In one possible embodiment, the core material is silicon carbide, the shell material is a metal silicate, and the composite material satisfies the following conditions: an EDS test is performed on the composite material, and an EDS line scan is conducted from the shell to the core, obtained EDS curves of silicon, oxygen, and metal element are all continuous lines, and in the middle of the curves, content of silicon suddenly increases, while content of oxygen and content of metal element suddenly decrease.

In the above technical solution, the EDS curve of silicon between the core and the shell is unbroken, indicating that there is basically no gap between the core and the shell, and the content of silicon suddenly increases in the middle of the curve, which indirectly proves the difference between the core material and the shell material, and the composite material satisfying this condition has both high thermal conductivity and high breakdown voltage. In other words, the content of silicon in the composition of the core is higher than that in the shell, while the contents of metal element and oxygen in the shell are higher than those in the composition of the core. The content characteristics of these elements are highly consistent with the reaction raw materials and preparation process of the core and the shell.

In one possible embodiment, the core material is silicon carbide the shell material is magnesium silicate, and the composite material satisfies the following conditions: after XPS test on the composite material and subsequent peak deconvolution, a peak-deconvoluted Si2p spectrum includes Si—C bonds with a binding energy of 100 eV to 101 eV and O—Si—O bonds with a binding energy of 105 eV to 106 eV, and a peak-deconvoluted Mgls spectrum includes Mg—O—Si bonds with a binding energy of 1305 eV to 1307 eV.

In one possible embodiment, the core material is silicon carbide, the shell material is zinc silicate, and the composite material satisfies the following conditions: after XPS test on the composite material and subsequent peak deconvolution, a peak-deconvoluted Si2p spectrum includes Si—C bonds with a binding energy of 100 eV to 101 eV and O—Si—O bonds with a binding energy of 105 eV to 106 eV, and a peak-deconvoluted Znls spectrum includes Zn—O—Si bonds with a binding energy of 1022 eV to 1045 eV.
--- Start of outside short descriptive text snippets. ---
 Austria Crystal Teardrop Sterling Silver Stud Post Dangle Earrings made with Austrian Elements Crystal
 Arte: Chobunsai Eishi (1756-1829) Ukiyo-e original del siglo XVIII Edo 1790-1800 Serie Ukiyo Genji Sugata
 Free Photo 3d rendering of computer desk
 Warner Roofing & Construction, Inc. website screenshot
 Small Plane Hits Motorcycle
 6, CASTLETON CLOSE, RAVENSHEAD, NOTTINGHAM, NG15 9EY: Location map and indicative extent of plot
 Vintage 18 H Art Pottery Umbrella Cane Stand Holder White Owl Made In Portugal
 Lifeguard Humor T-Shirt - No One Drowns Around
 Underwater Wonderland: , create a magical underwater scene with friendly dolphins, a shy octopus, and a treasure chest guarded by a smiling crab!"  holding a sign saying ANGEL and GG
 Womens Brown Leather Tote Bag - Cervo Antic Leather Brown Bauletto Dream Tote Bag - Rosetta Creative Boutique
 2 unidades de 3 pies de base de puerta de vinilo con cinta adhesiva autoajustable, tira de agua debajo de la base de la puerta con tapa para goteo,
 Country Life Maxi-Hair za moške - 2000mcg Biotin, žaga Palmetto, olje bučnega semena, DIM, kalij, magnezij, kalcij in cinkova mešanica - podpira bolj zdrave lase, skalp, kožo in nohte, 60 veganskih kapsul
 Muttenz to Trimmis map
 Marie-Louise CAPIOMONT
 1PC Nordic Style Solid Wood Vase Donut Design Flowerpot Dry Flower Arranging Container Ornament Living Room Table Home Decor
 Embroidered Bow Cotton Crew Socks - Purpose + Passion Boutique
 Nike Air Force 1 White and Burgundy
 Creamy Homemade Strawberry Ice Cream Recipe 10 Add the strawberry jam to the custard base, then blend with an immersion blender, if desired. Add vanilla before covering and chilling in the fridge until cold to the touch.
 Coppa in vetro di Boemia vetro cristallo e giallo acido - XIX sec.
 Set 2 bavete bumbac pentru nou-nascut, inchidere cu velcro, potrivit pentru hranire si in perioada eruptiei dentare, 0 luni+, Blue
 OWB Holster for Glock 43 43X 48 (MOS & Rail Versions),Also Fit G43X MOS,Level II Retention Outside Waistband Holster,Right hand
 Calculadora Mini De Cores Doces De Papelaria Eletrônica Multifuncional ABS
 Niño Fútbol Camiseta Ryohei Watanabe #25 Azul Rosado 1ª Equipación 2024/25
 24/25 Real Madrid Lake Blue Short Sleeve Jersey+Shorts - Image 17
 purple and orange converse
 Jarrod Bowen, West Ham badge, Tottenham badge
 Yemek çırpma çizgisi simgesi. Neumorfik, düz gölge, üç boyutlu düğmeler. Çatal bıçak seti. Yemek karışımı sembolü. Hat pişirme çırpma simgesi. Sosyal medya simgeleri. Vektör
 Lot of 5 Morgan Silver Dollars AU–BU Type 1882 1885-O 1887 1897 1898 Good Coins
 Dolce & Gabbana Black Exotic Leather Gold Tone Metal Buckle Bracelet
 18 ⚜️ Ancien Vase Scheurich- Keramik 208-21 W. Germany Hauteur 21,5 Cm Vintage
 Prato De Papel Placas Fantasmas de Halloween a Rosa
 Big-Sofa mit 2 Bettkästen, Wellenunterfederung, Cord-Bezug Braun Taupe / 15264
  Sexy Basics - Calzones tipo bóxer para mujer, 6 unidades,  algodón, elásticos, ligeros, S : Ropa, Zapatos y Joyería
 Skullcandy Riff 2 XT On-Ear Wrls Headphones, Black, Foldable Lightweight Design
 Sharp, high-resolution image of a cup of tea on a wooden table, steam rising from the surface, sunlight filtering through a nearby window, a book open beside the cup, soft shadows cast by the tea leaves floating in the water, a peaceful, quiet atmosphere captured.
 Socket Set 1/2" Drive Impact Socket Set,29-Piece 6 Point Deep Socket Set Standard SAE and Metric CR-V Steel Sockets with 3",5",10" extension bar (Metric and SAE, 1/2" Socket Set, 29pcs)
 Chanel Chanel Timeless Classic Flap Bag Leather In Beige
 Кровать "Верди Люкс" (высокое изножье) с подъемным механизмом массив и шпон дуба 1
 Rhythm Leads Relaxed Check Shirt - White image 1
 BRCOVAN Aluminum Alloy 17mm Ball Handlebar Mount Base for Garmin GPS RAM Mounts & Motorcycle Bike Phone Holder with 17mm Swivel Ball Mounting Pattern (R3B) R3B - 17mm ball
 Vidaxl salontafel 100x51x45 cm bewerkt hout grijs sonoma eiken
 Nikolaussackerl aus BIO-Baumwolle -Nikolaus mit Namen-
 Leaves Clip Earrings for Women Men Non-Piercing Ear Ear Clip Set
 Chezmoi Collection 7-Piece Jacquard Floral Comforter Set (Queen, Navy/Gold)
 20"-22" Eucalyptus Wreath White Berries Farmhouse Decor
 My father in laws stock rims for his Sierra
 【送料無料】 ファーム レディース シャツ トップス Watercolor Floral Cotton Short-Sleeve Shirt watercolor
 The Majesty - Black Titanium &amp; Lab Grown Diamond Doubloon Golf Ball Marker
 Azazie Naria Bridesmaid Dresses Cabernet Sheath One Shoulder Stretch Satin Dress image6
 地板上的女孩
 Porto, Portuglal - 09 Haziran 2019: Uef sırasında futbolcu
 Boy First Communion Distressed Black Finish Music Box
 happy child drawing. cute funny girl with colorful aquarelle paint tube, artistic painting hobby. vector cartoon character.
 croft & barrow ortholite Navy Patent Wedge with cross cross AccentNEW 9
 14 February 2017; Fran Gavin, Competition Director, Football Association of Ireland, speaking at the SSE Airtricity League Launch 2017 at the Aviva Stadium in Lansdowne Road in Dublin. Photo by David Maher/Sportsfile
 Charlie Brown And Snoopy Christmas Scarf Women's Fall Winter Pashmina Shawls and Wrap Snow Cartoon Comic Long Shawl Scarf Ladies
In one possible embodiment, the core material is aluminum nitride, and the shell material includes aluminate. When aluminum nitride is added to a matrix material as a thermal conductive filler to form a thermal conductive mixture, the heat dissipation layer formed thereby is prone to hydrolysis of the thermal conductive filler when used in a high-humidity environment, deteriorating its thermal conductivity. Coating aluminate on the core can avoid hydrolysis of aluminum nitride to a certain extent, achieving higher thermal conductivity and better hydrolysis stability of the composite material. Meanwhile, both the shell and the core contain aluminum. During the sintering process, part of the aluminum nitride participates in the reaction to form aluminate, making the composite material have both better thermal conductivity and hydrolysis stability.

In one possible embodiment, the aluminate includes at least one selected from magnesium aluminate, zinc aluminate, calcium aluminate, potassium aluminate, and aluminum silicate.